Когда мы собрались уходить, сказал Лизе:
— Купил я в прошлом году на платье Марфеньке… Не успела она в нем покрасоваться. Что же попусту стариться материи… Возьми и сшей себе платье, дочка.
Барабаш протянул Лизе сверток. Она в нерешительности смотрела на него. Уж очень дорог был подарок.
— Возьми, — сказал я, испугавшись, что обидится человек.
Лиза взяла и, подумав, поцеловала Фому Егоровича в щеку. Он отвернулся, скрывая невольные слезы.
— Покажи, какой материал, — сказал я смущенно, не зная, чем отвлечь несчастного отца.
Лиза развернула сверток и вскрикнула от восторга. Это было шелковое полотно, удивительно приятного тона и рисунка: мелкие голубовато-серые полевые цветочки по розовому полю, серые легкие стебельки.
— Как идет девушке такое платье! — воскликнул я, уже вообразив его на Лизе.
Невольным, чисто женским движением Лиза приложила материю к себе. Но тут же застенчиво и с раскаянием взглянула на Фому Егоровича. Он ее понял.
— Носи на здоровье, — успокоил он Лизу. — Мне будет приятно, что не истлеет в сундуке. Продать бы я его не мог, сами понимаете…
Кажется, Барабаш хотел нас проводить, но, видно опасаясь быть помехой, остался дома. И мы пошли одни.
Уже скрылось за темными горами солнце и след его потух, но, словно желая осветить нам путь, разгорелось в небе северное сияние.

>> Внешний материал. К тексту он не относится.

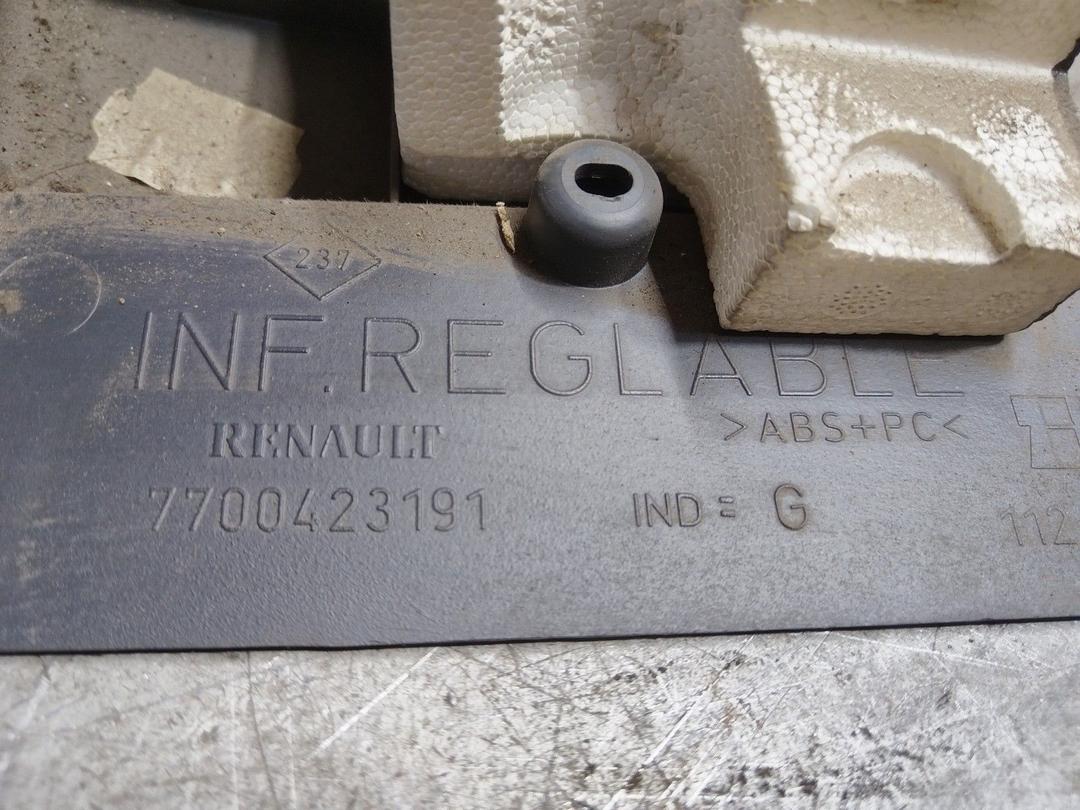 Кожух рулевой колонки 063F4O Renault Laguna купить с доставкой. Огромный выбор запчастей и марок авто. У нас есть практически все.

Мы стояли на льду реки и все смотрели, смотрели. Лиза прижалась ко мне. Я обнял ее за плечи нежно, как сестренку. Так мы смотрели долго, потрясенные до глубины души тем, что творилось в небе.

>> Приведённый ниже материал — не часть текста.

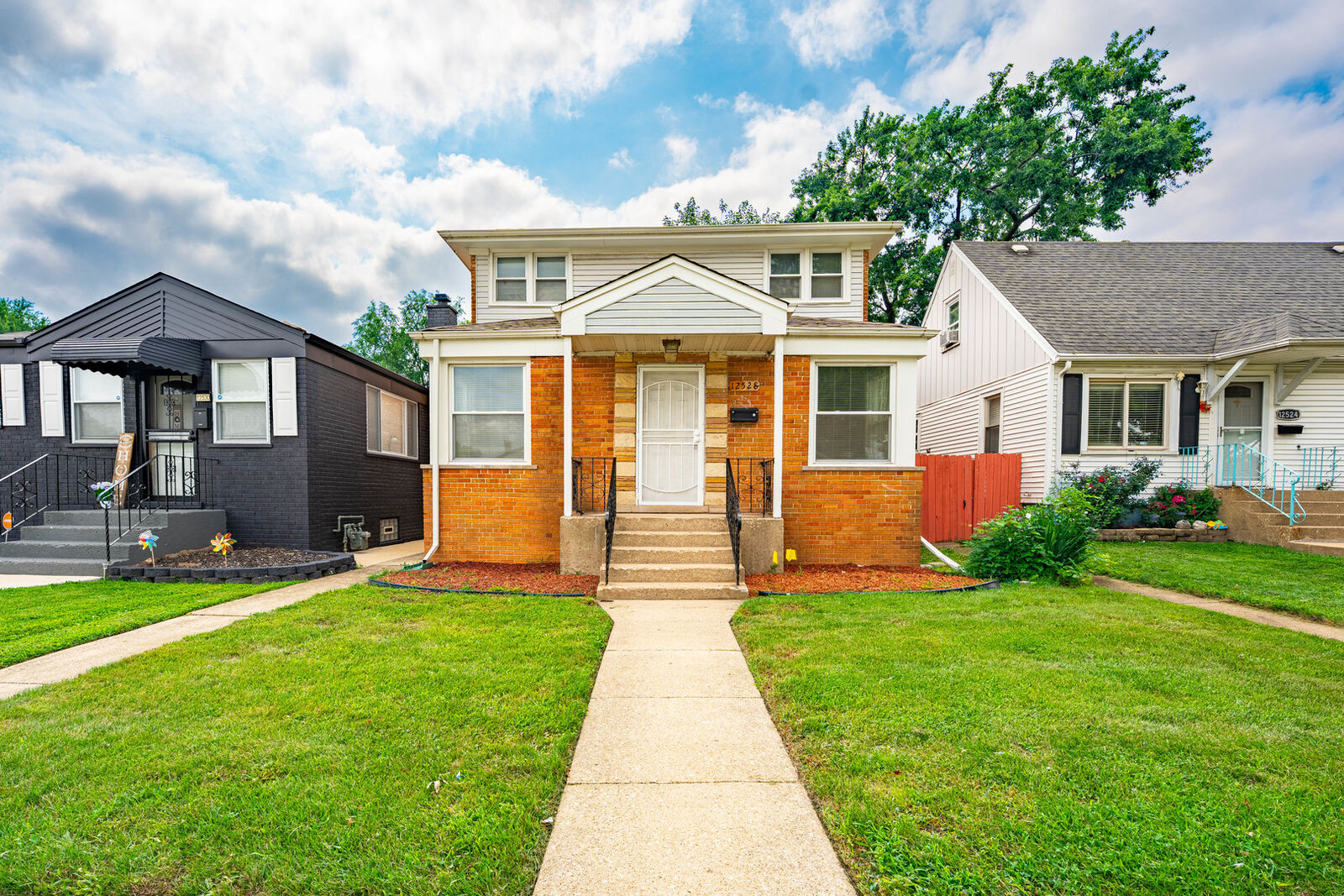 Property Photo:  12528 S Justine Street  IL 60827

Разве можно найти слова, чтобы это выразить? Все равно, кто этого не видел, не поймет. Но радугу вы видели? Ту самую радугу, за которой бежала в детстве Лиза. Так вот: в небе полыхали тысячи радуг, то расходясь, пересекая друг друга, то сливаясь полукружиями в один феерический небесный пожар. Зеленые, синие, лиловые, розовые, малиновые языки пламени…
Насмотревшись и продрогнув, мы пошли. И вот тогда я сказал ей, что люблю ее с самой первой встречи… Сначала не знал, что уже люблю. Но знал твердо, что полюблю только ее — Лизу Абакумову.

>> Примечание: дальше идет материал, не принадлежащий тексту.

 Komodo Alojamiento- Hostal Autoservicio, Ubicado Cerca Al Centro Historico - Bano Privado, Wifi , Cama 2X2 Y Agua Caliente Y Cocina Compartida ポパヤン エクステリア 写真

— Понимаешь, люблю! Скажи только одно: да или нет?
Я остановился и, наклонившись, заглянул ей в глаза. Как они сияли!
— Я не знаю, — сказала Лиза, доверчиво и прямо глядя мне в лицо.
— Как же не знаешь?
— Не знаю… Ведь я еще никогда не любила. Мне тоже с первой встречи казалось, что я полюблю только тебя.
— Понятно. А теперь уже не кажется, — пробормотал я, внезапно упав духом.
Лиза живо сняла варежку и погладила меня по щеке теплой рукой.
— Ты не бойся его, — сказала она. — Я вижу, ты боишься Казакова и страдаешь. Я это пересилю в себе. Я хочу, чтобы тебе было хорошо, Коля. Дай мне разобраться. Нет, тут нечего разбираться. Это верно: я люблю тебя, как никого на свете. Даже больше, чем отца. Может, я люблю тебя просто по-человечески? Но я очень люблю тебя. Ты только повремени. Потерпи, пока у меня пройдет…
— Что пройдет? — произнес я, хотя уже знал, о чем она говорит.
С самого начала нам нужно было приучаться говорить друг другу правду.
— Ты знаешь, — прошептала Лиза, — может я… безнравственная. Я не знаю, что со мной происходит… Стоит Казакову взглянуть на меня… я сама не своя. У меня в глазах потемнело, когда он меня поцеловал. Наверно, надо было дать пощечину? Но это было бы нечестно с моей стороны. Ведь он не поцеловал бы, если бы не видел меня насквозь. Но я его совсем не люблю. Сможешь ли ты меня простить?